Une entrée par la lettre et non par le son
Riche de son expérience d’enseignement en CP, pendant plus de dix ans, Annabelle analyse avec recul la méthode. « La méthode me plait pour de multiples raisons. Elle est efficace pour l’acquisition des correspondances graphèmes, lettre ou groupe de lettres, /phonèmes, son produit par une lettre ou un groupe de lettre. Elle développe également la combinatoire, comme le b+a=ba, et n’oublie pas le lien lire/écrire mis en avant dans les recherches de Roland Goigoux et confirmé par les neurosciences ». C’est d’ailleurs le fait de tester une entrée graphémique, par la lettre, plutôt que phonémique, par le son, qui l’a emballée. « Jusqu’à présent les méthodes de lecture entraient par la phonologie. Même si Roland Goigoux, dans sa recherche Lire-Écrire, ne voit pas de résultats significatifs selon l’entrée, je voulais tenter. L’entrée graphémique à l’avantage, selon moi, de permettre à un plus grand nombre d’enfants de pouvoir s’y accrocher car nos élèves les plus faibles n’ont pas toujours une conscience phonémique assez développée pour entendre, percevoir ces sons alors que la lettre est plus facilement accessible ».
Une méthode sans manipulation et peu de compréhension
Pour autant, cette méthode ne peut se suffire à elle-même selon l’enseignante. Sa binôme et elle l’enrichissent d’ateliers de manipulation. « La méthode ne propose pas de manipulation comme on le faisait habituellement. On a continué car cela nous semble fondamental et on a mis en place des ateliers par groupe de besoins. Les élèves y manipulent les lettres pour faire un mot, les mots pour faire des phrases… Avec les plus faibles, nous continuons le travail de phonologie entamé en maternelle. Nous travaillons aussi la reconnaissance des lettres avec ceux qui en ont encore besoin ».
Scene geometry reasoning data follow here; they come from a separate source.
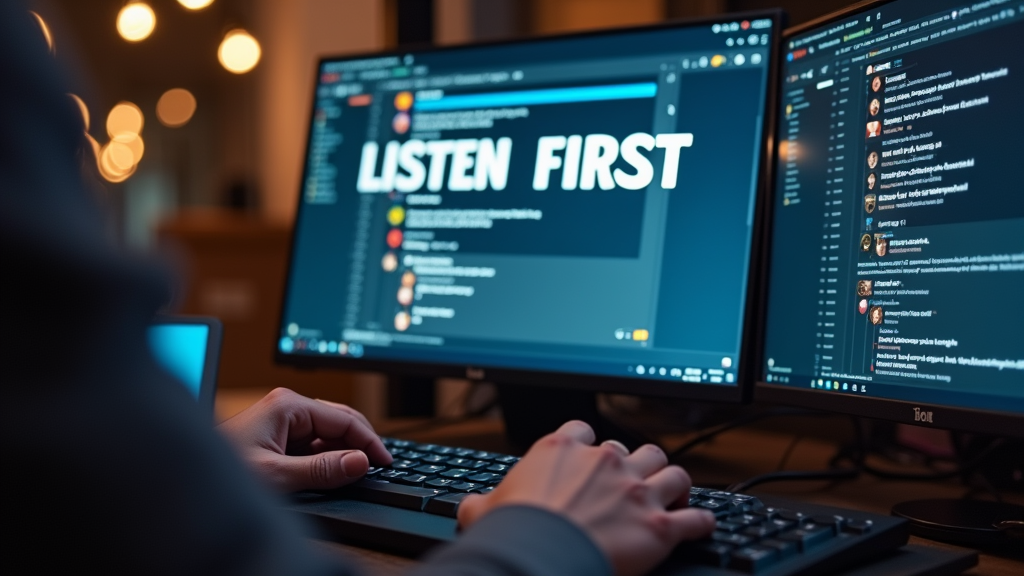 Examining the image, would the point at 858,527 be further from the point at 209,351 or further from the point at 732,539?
the point at 209,351

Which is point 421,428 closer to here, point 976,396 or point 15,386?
point 976,396

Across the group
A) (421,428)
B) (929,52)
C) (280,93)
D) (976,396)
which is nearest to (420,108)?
(421,428)

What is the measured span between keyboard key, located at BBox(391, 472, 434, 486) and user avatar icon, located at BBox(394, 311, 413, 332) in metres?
0.35

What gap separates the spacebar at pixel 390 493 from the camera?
28.0 inches

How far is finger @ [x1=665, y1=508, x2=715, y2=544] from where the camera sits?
0.56 meters

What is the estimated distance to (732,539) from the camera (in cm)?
58

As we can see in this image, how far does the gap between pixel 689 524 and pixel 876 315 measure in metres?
0.31

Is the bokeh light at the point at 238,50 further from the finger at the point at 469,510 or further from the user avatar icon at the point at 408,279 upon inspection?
the finger at the point at 469,510

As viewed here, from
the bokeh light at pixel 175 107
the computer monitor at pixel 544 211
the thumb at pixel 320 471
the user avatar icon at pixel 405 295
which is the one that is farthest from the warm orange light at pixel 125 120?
the thumb at pixel 320 471

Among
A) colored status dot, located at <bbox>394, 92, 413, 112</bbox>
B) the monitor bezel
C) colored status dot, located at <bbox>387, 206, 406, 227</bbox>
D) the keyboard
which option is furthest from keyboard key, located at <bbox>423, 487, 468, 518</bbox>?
colored status dot, located at <bbox>394, 92, 413, 112</bbox>

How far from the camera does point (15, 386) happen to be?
13.0 inches

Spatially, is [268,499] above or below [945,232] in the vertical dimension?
below

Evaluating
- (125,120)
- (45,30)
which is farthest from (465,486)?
(125,120)

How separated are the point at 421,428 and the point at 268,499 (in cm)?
90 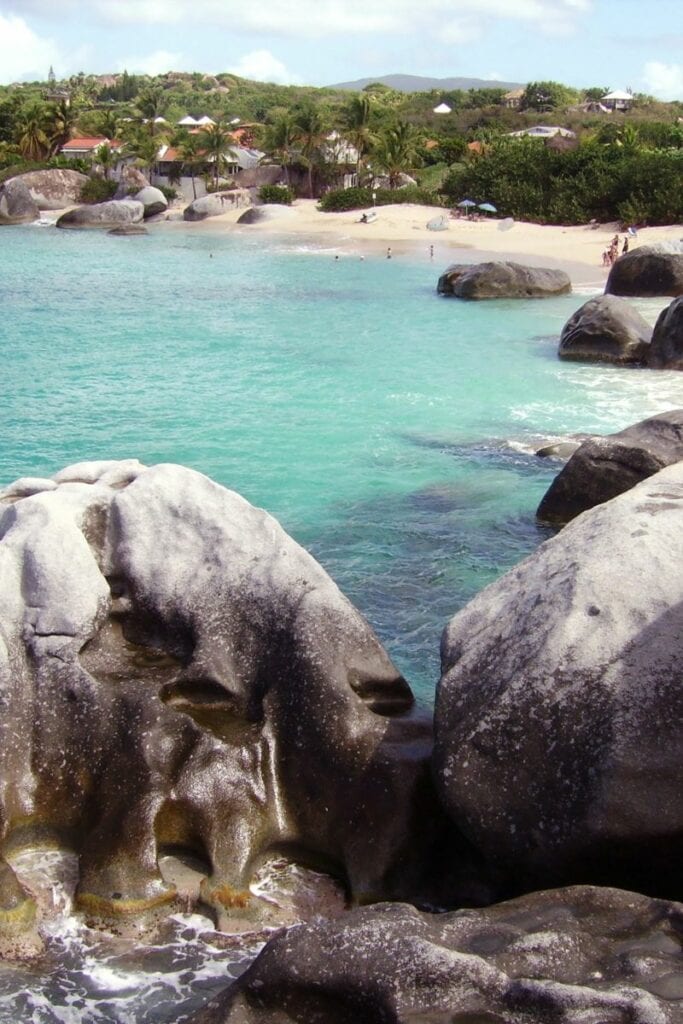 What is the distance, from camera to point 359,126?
68.8 metres

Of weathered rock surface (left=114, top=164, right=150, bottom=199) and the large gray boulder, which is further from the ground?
weathered rock surface (left=114, top=164, right=150, bottom=199)

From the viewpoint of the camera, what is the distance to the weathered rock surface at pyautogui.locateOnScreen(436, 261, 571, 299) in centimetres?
3650

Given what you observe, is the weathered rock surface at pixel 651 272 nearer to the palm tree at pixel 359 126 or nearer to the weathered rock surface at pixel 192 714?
the weathered rock surface at pixel 192 714

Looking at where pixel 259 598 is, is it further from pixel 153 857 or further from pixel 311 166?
pixel 311 166


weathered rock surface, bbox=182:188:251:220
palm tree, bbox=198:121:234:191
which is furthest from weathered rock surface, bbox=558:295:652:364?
palm tree, bbox=198:121:234:191

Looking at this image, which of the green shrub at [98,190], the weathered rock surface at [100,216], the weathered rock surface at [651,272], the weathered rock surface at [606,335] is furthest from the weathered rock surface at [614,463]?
the green shrub at [98,190]

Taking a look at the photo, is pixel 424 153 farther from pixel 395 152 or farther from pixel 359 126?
pixel 395 152

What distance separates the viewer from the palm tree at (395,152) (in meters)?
66.7

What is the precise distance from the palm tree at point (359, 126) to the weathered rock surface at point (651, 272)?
120 ft

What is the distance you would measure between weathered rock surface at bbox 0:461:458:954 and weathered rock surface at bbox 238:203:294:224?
183 feet

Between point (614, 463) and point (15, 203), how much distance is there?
5681 centimetres

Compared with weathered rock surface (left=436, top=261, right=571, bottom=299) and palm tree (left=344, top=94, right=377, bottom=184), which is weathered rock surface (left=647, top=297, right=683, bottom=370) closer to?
weathered rock surface (left=436, top=261, right=571, bottom=299)

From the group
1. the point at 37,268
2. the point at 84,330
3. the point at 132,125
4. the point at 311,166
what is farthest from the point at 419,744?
the point at 132,125

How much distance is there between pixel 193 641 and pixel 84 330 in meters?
24.7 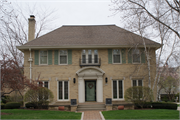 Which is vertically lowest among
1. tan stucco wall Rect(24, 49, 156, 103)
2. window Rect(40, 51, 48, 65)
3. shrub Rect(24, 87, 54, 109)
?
shrub Rect(24, 87, 54, 109)

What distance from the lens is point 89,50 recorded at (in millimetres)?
18062

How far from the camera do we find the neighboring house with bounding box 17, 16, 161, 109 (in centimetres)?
1744

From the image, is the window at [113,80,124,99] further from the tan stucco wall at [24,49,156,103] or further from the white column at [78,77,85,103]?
the white column at [78,77,85,103]

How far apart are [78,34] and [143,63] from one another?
746 cm

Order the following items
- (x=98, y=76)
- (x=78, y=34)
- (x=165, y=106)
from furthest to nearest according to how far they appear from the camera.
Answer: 1. (x=78, y=34)
2. (x=98, y=76)
3. (x=165, y=106)

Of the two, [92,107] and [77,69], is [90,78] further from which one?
[92,107]

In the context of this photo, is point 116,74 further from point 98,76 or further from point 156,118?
point 156,118

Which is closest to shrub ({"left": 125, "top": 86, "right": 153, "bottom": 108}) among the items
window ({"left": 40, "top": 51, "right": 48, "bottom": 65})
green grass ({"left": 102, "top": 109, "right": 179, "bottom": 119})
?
green grass ({"left": 102, "top": 109, "right": 179, "bottom": 119})

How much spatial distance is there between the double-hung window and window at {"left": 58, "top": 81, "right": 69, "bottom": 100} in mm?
4490

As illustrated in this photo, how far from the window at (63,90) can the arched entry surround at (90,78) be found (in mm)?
1242

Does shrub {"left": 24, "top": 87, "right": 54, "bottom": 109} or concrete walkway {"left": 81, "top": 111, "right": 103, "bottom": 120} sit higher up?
shrub {"left": 24, "top": 87, "right": 54, "bottom": 109}

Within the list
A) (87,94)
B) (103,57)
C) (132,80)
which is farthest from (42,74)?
(132,80)

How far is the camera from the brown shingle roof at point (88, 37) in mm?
17922

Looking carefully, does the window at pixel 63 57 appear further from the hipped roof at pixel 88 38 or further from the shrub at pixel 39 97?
the shrub at pixel 39 97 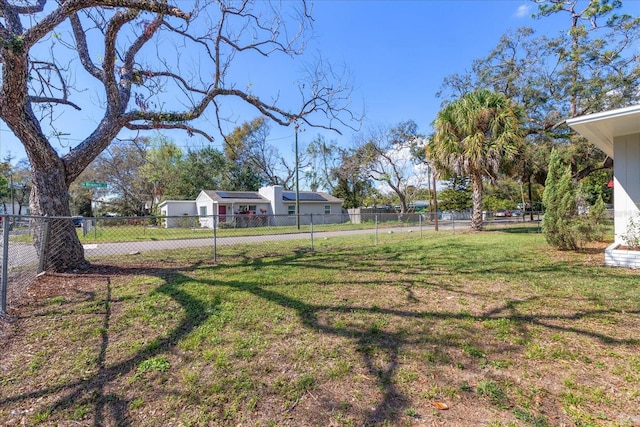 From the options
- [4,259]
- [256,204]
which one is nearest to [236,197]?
[256,204]

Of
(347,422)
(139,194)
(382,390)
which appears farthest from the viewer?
(139,194)

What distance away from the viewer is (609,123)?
6.20 metres

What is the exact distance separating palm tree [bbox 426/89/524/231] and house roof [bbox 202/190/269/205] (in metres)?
16.2

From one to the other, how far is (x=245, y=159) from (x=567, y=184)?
109 feet

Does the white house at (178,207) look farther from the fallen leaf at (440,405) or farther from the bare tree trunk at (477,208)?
the fallen leaf at (440,405)

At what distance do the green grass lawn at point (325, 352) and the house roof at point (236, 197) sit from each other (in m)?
20.4

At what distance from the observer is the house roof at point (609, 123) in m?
5.72

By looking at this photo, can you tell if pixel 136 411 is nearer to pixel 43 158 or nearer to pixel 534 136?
pixel 43 158

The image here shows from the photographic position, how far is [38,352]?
2.99 m

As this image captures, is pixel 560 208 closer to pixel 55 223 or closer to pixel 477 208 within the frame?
pixel 477 208

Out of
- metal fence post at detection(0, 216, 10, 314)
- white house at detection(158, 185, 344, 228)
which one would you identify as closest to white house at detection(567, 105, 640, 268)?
metal fence post at detection(0, 216, 10, 314)

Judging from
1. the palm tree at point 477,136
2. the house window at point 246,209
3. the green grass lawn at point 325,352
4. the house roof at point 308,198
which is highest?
the palm tree at point 477,136

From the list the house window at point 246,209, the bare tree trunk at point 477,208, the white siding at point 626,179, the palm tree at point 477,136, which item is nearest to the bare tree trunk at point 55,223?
the white siding at point 626,179

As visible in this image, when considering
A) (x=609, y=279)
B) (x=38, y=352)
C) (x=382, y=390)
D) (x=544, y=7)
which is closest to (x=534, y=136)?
(x=544, y=7) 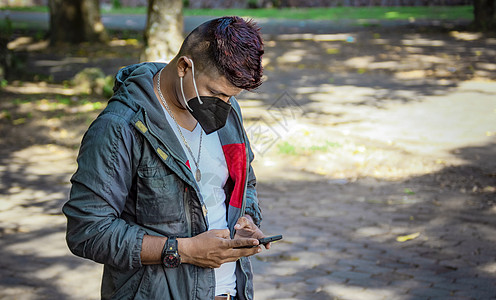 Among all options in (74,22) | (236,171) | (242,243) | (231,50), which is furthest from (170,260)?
(74,22)

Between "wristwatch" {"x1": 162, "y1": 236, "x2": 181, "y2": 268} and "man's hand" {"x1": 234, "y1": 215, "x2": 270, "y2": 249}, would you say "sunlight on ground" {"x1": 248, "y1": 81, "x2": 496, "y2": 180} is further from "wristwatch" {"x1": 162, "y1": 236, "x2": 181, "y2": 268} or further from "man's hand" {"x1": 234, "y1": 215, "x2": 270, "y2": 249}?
"wristwatch" {"x1": 162, "y1": 236, "x2": 181, "y2": 268}

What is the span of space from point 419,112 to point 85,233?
839cm

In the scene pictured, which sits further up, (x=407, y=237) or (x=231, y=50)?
(x=231, y=50)

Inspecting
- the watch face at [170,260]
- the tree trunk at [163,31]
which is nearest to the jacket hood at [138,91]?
the watch face at [170,260]

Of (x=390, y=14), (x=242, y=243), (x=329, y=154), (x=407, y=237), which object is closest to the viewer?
(x=242, y=243)

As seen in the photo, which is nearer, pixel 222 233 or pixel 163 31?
pixel 222 233

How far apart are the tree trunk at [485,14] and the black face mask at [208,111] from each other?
16.4 meters

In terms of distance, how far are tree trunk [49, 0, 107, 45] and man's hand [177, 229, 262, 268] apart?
15545mm

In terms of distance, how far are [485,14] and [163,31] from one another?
11401 millimetres

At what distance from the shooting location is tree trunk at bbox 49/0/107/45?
16.2 m

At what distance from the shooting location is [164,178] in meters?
2.01

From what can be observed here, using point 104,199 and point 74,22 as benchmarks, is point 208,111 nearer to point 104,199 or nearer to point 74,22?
point 104,199

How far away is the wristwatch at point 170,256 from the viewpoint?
1971 mm

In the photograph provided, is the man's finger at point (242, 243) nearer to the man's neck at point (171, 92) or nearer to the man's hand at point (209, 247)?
the man's hand at point (209, 247)
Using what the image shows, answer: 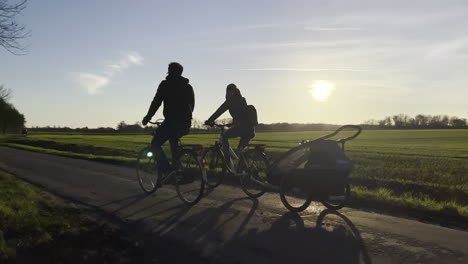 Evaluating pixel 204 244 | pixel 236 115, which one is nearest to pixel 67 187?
pixel 236 115

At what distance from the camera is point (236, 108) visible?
8195 mm

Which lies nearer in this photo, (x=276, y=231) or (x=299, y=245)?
(x=299, y=245)

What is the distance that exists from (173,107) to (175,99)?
0.17 metres

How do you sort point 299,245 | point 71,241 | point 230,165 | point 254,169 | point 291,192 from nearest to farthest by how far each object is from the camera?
point 71,241, point 299,245, point 291,192, point 254,169, point 230,165

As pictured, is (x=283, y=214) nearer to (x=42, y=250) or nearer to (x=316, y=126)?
(x=42, y=250)

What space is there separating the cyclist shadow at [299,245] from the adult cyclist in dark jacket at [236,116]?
2704 millimetres

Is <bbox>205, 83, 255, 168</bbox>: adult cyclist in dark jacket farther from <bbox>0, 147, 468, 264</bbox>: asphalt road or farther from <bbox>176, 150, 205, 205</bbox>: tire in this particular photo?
<bbox>0, 147, 468, 264</bbox>: asphalt road

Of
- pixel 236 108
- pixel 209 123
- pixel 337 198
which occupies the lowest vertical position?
pixel 337 198

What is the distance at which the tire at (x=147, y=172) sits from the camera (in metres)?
8.54

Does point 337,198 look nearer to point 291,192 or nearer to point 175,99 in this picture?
point 291,192

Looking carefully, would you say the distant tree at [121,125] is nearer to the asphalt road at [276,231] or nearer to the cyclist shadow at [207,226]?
the asphalt road at [276,231]

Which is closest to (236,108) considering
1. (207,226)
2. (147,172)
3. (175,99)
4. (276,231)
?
(175,99)

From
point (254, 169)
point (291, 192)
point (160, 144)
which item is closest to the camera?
point (291, 192)

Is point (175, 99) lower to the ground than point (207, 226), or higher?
higher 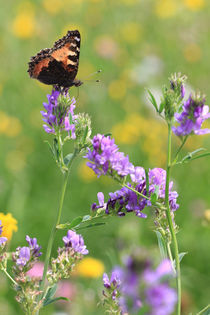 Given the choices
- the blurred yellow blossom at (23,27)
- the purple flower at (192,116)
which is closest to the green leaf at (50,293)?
the purple flower at (192,116)

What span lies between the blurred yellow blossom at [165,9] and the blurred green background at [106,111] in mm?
22

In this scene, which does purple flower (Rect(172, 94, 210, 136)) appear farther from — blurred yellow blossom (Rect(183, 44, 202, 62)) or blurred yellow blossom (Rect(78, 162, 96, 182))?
blurred yellow blossom (Rect(183, 44, 202, 62))

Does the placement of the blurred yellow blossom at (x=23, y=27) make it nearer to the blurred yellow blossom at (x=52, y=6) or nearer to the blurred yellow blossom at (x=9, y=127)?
the blurred yellow blossom at (x=52, y=6)

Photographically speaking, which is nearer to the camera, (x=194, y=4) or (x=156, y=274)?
(x=156, y=274)

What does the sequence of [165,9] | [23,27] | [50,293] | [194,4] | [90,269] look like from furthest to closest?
[194,4] → [165,9] → [23,27] → [90,269] → [50,293]

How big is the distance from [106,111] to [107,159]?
186 inches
Le bât blesse aussi du côté de la compréhension. « La méthode n’a aucun volet compréhension. Certains dirons que c’est une méthode de lecture, mais l’un ne va pas sans l’autre. Il faut travailler sur la compréhension orale afin que les élèves puissent construire des stratégies de compréhension. La lecture sans compréhension n’a pas de sens, c’est du décodage. Alors on continue de travailler sur le vocabulaire et sur les textes lus à l’oral. Il faut qu’ils apprennent à lire, mais il faut aussi qu’ils comprennent ce qu’ils lisent. Ca prend du temps, on ne verra pas forcement les effets en CP mais nous devons amorcé ce travail pour que les élèves puissent comprendre des textes écrits et à terme avoir une lecture experte ».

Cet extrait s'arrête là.